» Exercise prompt
From the entries below, return only the lines starting at the one that contains "Parabolic SAR" and ending at the one that contains "Torino vs Bologna, 01h45", exactly as they stand.

» Records shown
■ ■ ■

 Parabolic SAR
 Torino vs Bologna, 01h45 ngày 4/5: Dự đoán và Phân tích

■ ■ ■

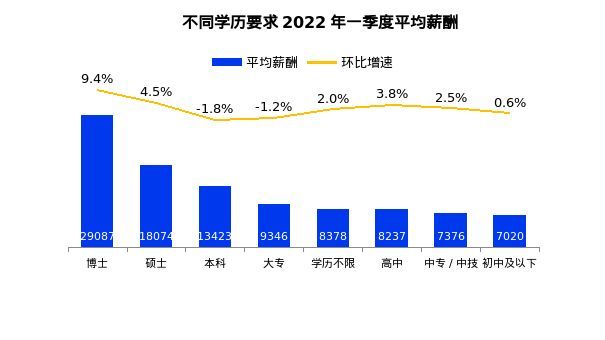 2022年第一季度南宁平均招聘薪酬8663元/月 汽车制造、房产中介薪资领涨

■ ■ ■

» Solved problem
 Parabolic SAR
 Torino vs Bologna, 01h45 ngày 4/5: Dự đoán và Phân tích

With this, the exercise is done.